Provided by: cnvkit_0.9.10-2_all
NAME
cnvkit_segmetrics - Compute segment-level metrics from bin-level log2 ratios.
DESCRIPTION
usage: cnvkit.py segmetrics [-h] -s SEGMENTS [--drop-low-coverage] [-o FILENAME] [--mean] [--median] [--mode] [--t-test] [--stdev] [--sem] [--mad] [--mse] [--iqr] [--bivar] [--ci] [--pi] [-a ALPHA] [-b BOOTSTRAP] [--smooth-bootstrap] cnarray positional arguments: cnarray Bin-level copy ratio data file (*.cnn, *.cnr). options: -h, --help show this help message and exit -s SEGMENTS, --segments SEGMENTS Segmentation data file (*.cns, output of the 'segment' command). --drop-low-coverage Drop very-low-coverage bins before calculations to avoid negative bias in poor-quality tumor samples. -o FILENAME, --output FILENAME Output table file name.

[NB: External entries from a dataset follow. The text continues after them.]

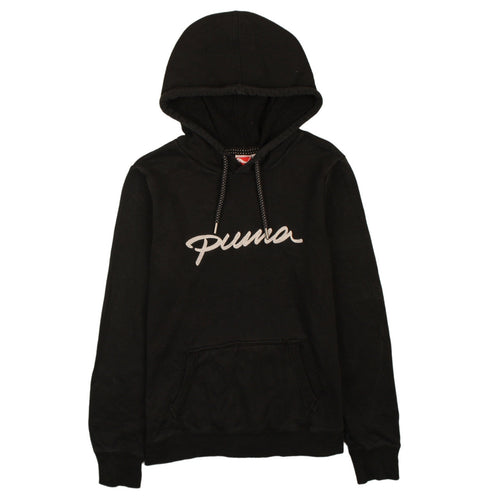 Puma Women's Black Hooded Pullover Hoodie UK 10 with Logo Detail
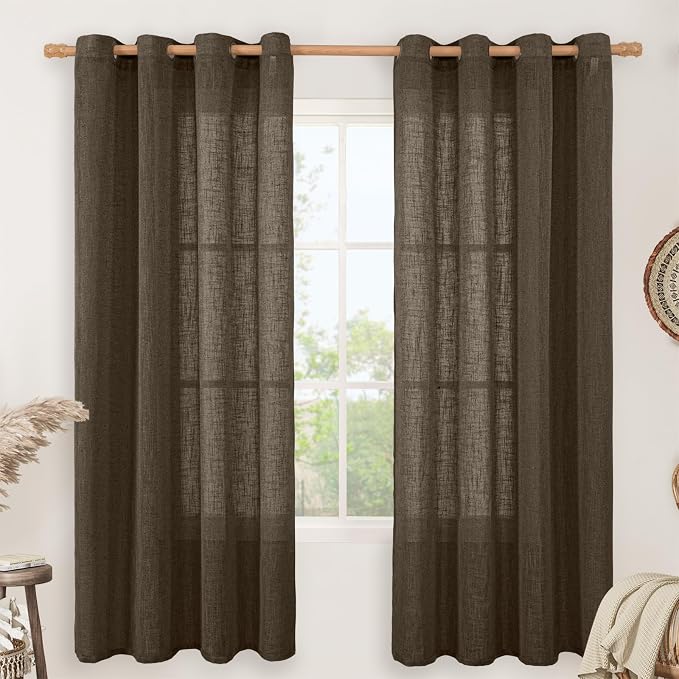 LAMIT Dark Brown 72 inch Linen Curtains by LAMIT
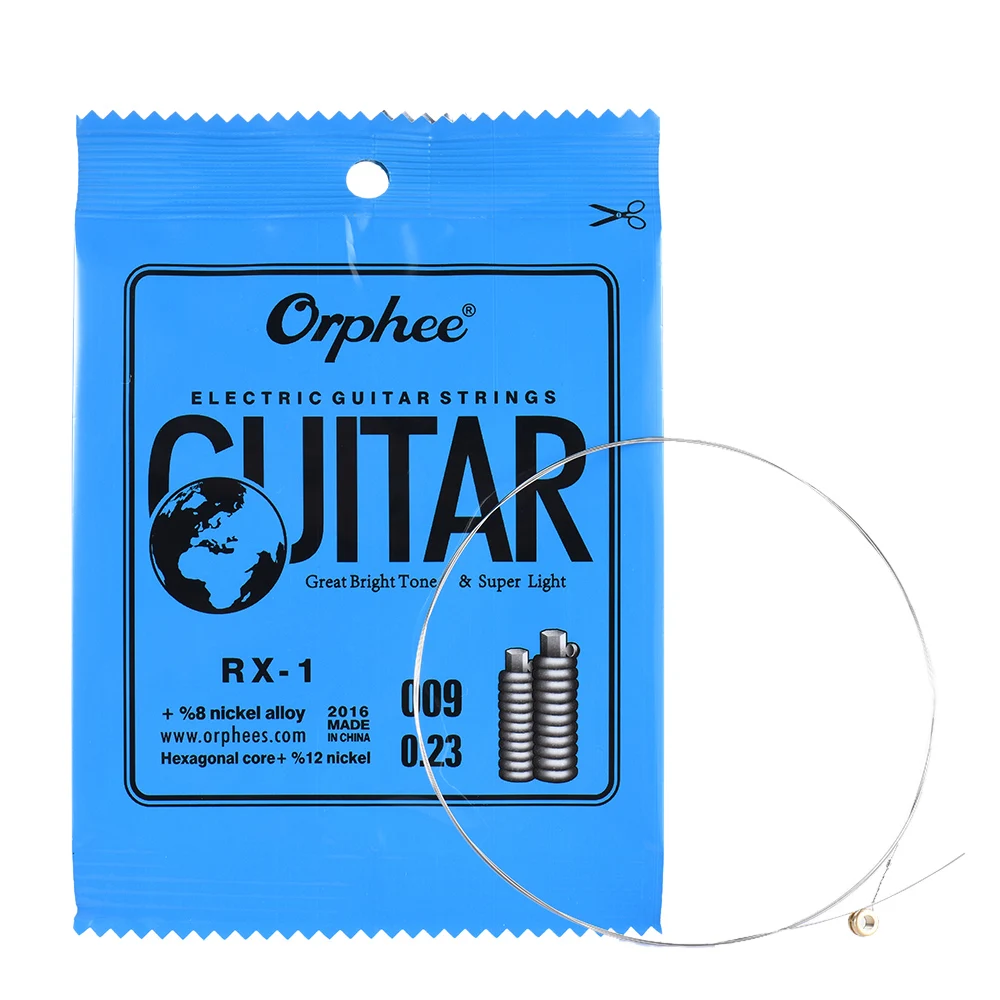 Orphee RX-1 гитарные струны Сменные Струны для электрогитары 10 штук в упаковке из никелевого сплава супер светильник Натяжные аксессуары для гитары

Statistics available: --mean Mean log2 ratio (unweighted). --median Median. --mode Mode (i.e. peak density of bin log2 ratios). --t-test One-sample t-test of bin log2 ratios versus 0.0. --stdev Standard deviation. --sem Standard error of the mean. --mad Median absolute deviation (standardized). --mse Mean squared error. --iqr Inter-quartile range. --bivar Tukey's biweight midvariance. --ci Confidence interval (by bootstrap). --pi Prediction interval. -a ALPHA, --alpha ALPHA Level to estimate confidence and prediction intervals; use with --ci and --pi. [Default: 0.05] -b BOOTSTRAP, --bootstrap BOOTSTRAP Number of bootstrap iterations to estimate confidence interval; use with --ci. [Default: 100] --smooth-bootstrap Apply Gaussian noise to bootstrap samples, a.k.a. smoothed bootstrap, to estimate confidence interval; use with --ci.